Unicode apostrophe standardization

tommycrock · June 3, 2016, 10:50pm

They’d get what they deserve
Obviously it’s not a good approach for non Latin scripts!

derobert · June 3, 2016, 11:19pm

I’d expect setting the collation properly in MySQL to help—see an answer on Stack Overflow or the MySQL docs.

docdem · June 6, 2016, 7:23am

Well, U+2019 being the correct (for most cases) apostrophe, is the reason why MSWord does this kind of artificial „intelligence“ in the first place.

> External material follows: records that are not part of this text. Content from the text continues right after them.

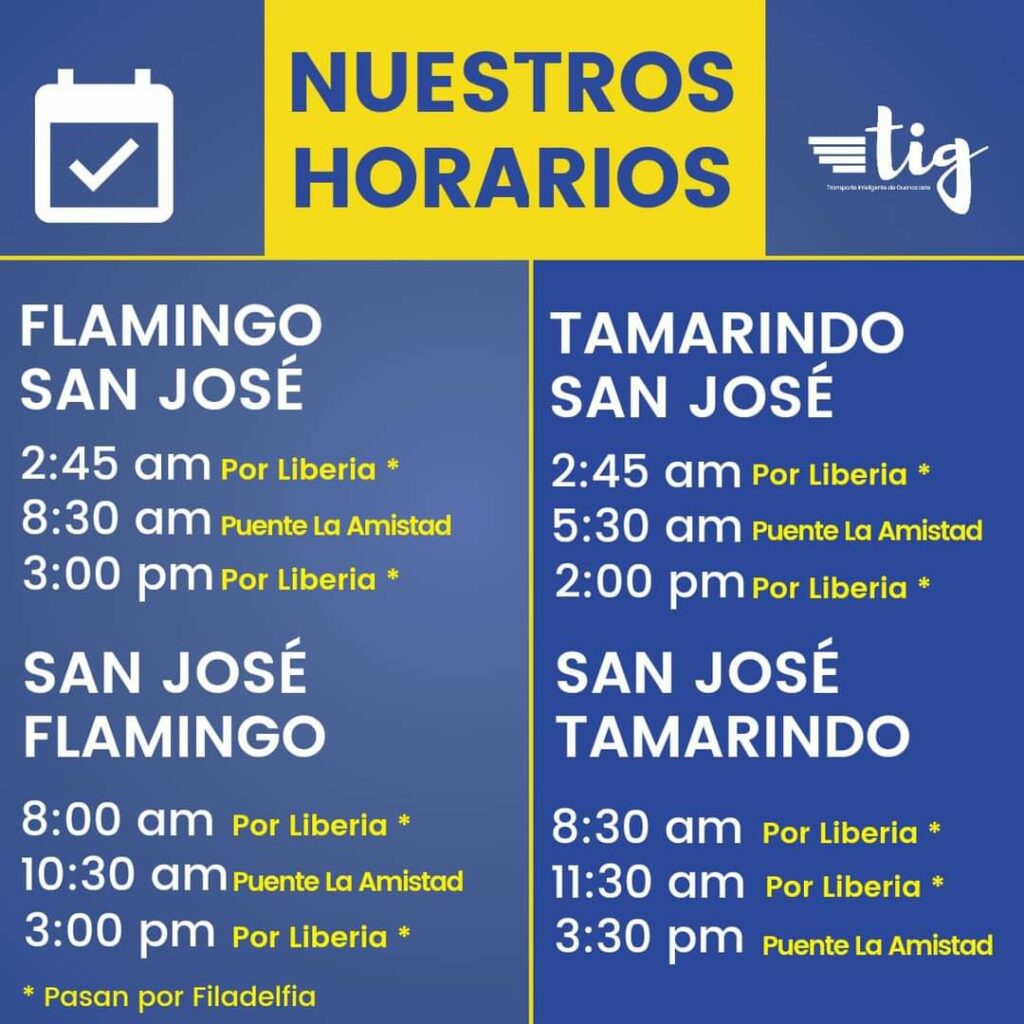 Horario de Buses a San Jose Desde Flamingo o Tamarindo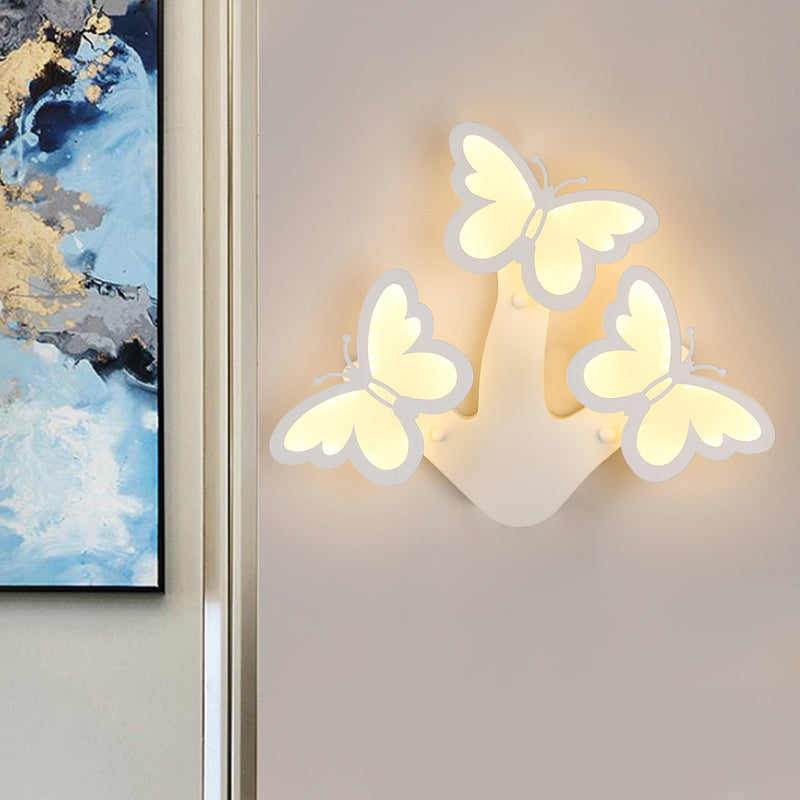 Modern 1/3 Lights LED Sconce Light White Acrylic Butterfly Wall Mounted Night Lamp in White/Natural Light 3.0 White Clearhalo 'Modern wall lights' 'Modern' 'Wall Lamps & Sconces' 'Wall Lights' Lighting' 219683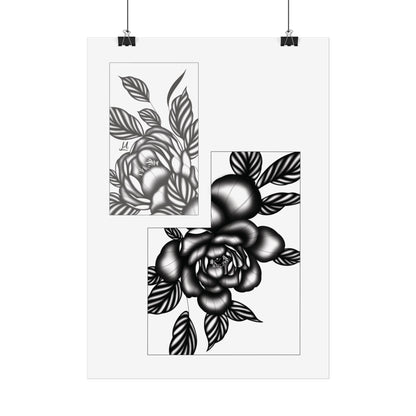 Detailed Floral artwork in a black and White setting.
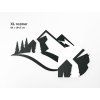 Minimalistisches Bild BERGE UND WALD (Bildabmessungen 24,5 x 45,5 cm, Bildfarbe Grau)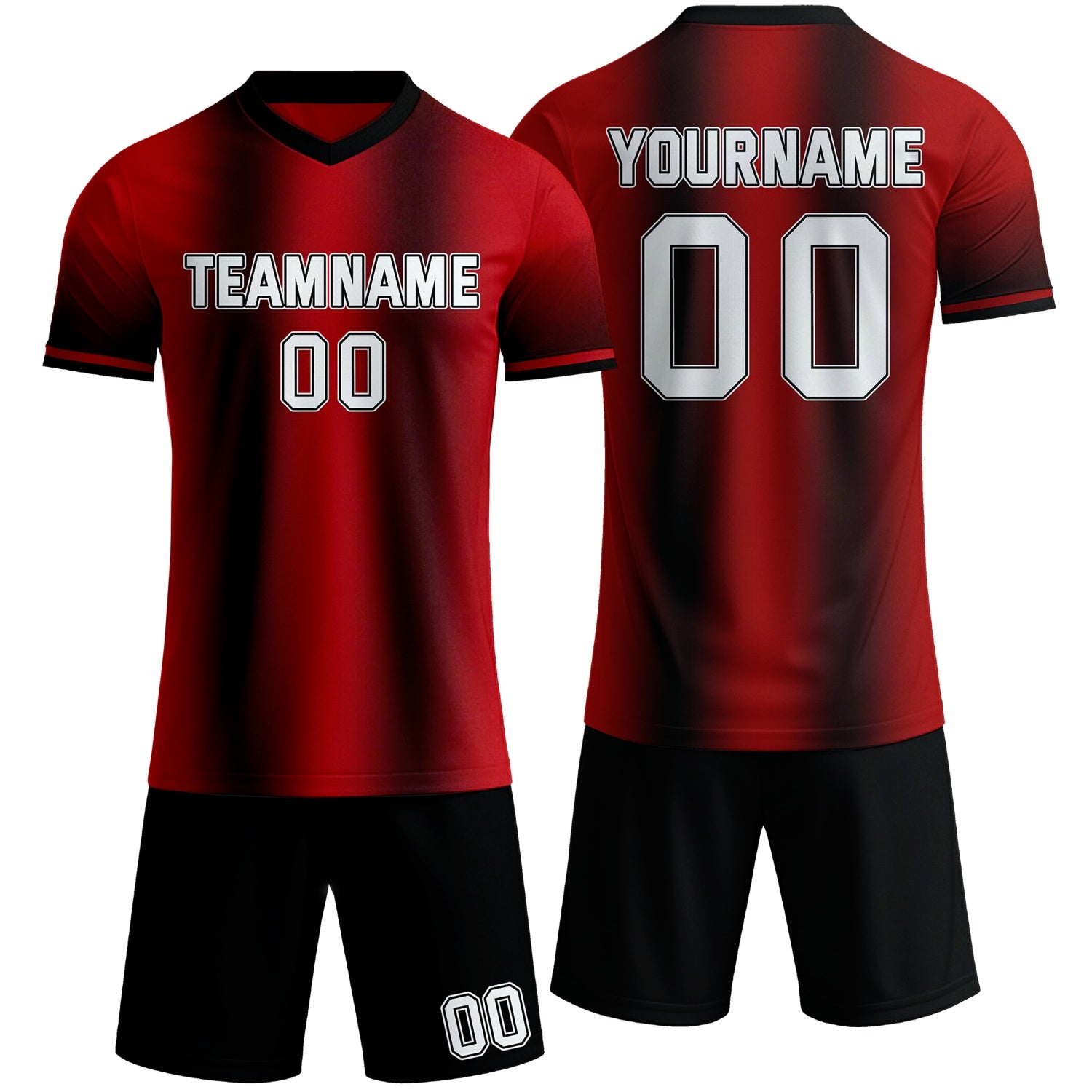 Custom red & black gradient soccer jersey set, personalized name number team logo, short-sleeve jersey with matching shorts sports uniform for men women youth adult game practice - Vosoli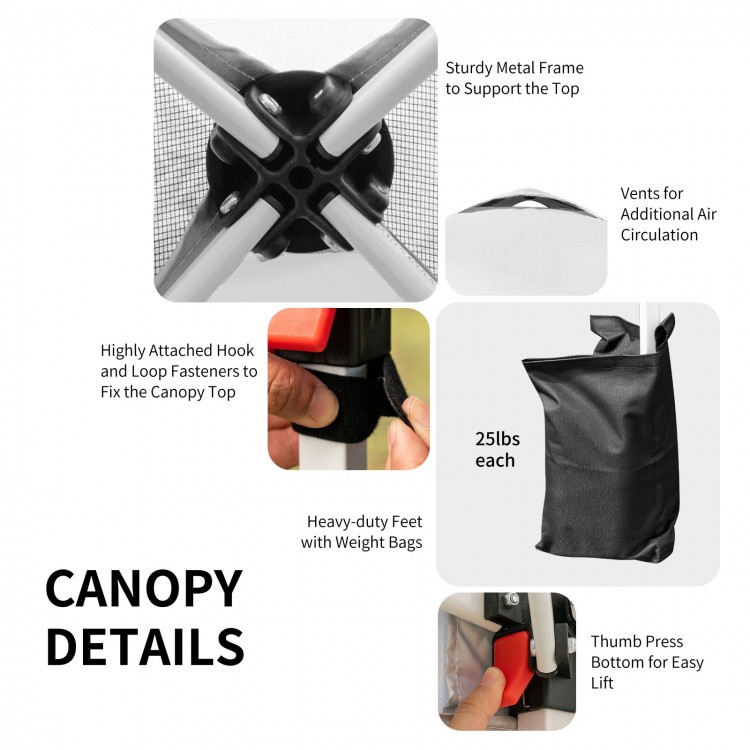 Close-up of the heavy-duty steel frame and weight bags for the 6.6 x 6.6 feet outdoor pop-up canopy tent.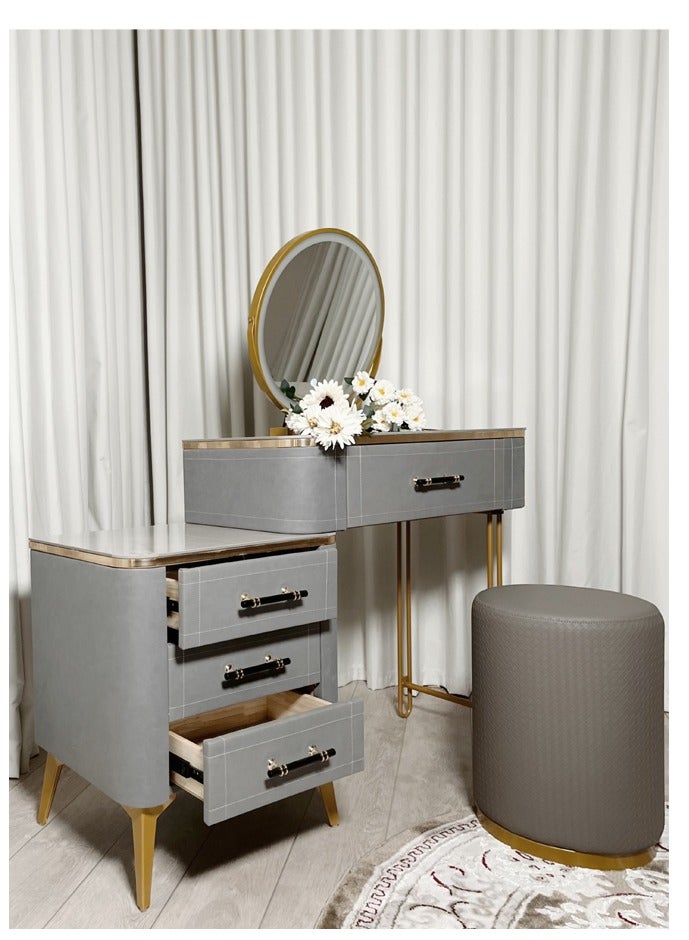 شي ون طاولة تسريح حديثة مع مرآة LED وكرسي مريح وأدراج تخزين - Image 4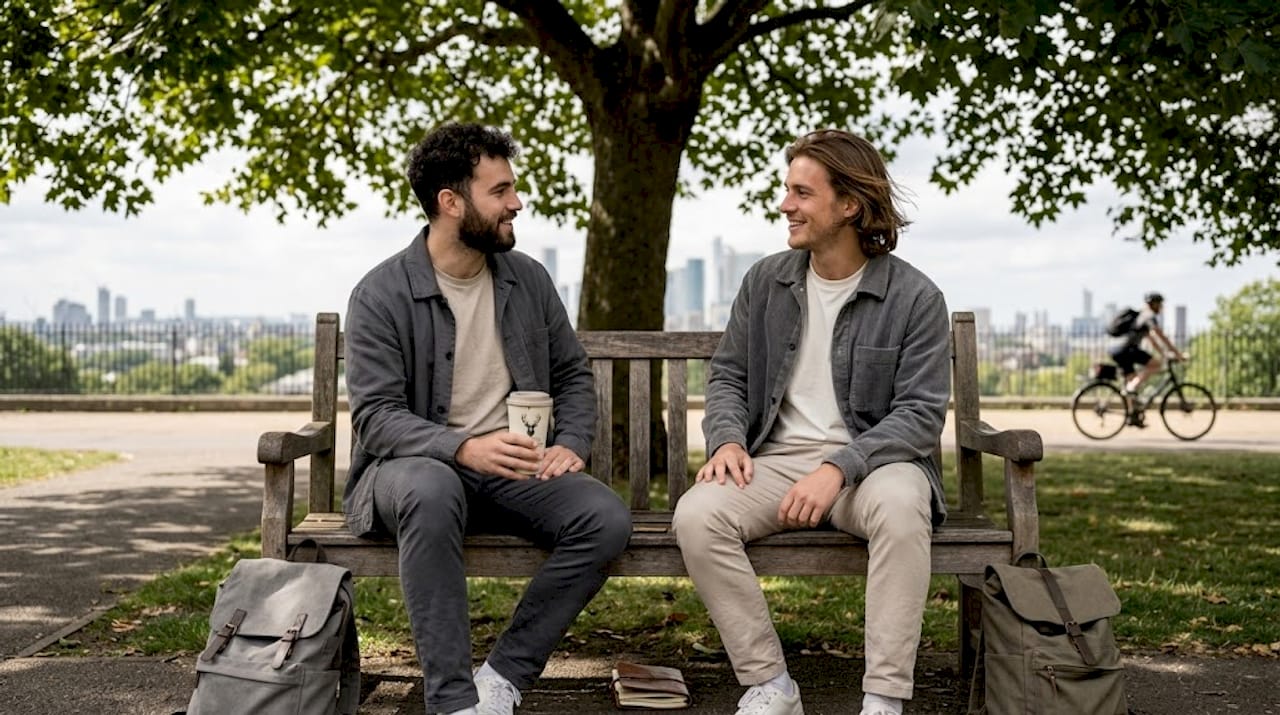 Friends in versatile minimalist streetwear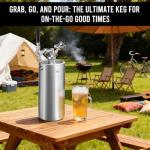 MRbrew Pressurized Mini Keg 128oz, 304 Stainlsee Steel Mini Kegerator with Exhaust Valve Designed Cap Portable Beer Growler for Homebrew And Craft Beer (Silver)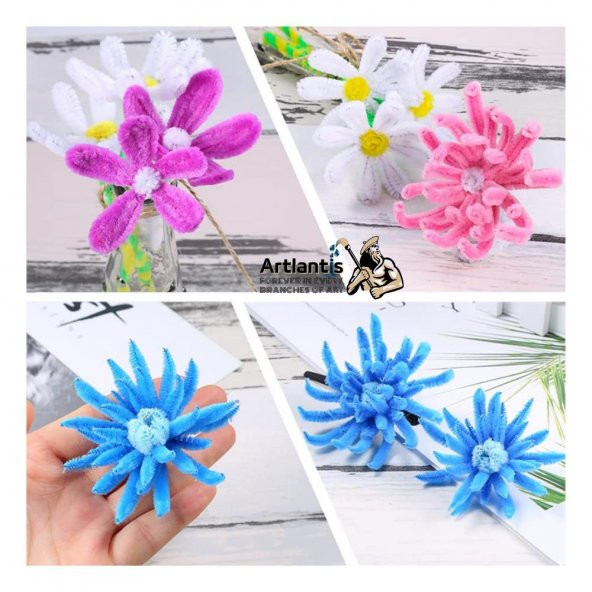 Şönil Renkli 30 Cm 100lü 1 Paket Artlantis 30 Cm Renkli Tüylü Tel 100 lü 1 Paket - 4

It’s especially irritating when applied to technical documentation, and the combination of stupid software and inattentive users turn a commandline like
ls -l --si 'Tangerine Dream'/*
into
ls -l –si ‘Tangerine Dream’/*
which will not work at all.

tigerman325 · January 30, 2017, 9:02pm

I’m getting a no vote for this very subject!

https://musicbrainz.org/edit/43119660

Please let him no that this is the preferred apostrohpe.

cloudzzz · February 2, 2017, 9:29am

Is this already included in the [Guess case] functionality? Otherwise it should to make it consistent and stop the confusing.

chirlu · February 2, 2017, 9:52am

No, because it can’t be done – a human is needed to decide whether ’ or ‘ (or something else entirely) is meant.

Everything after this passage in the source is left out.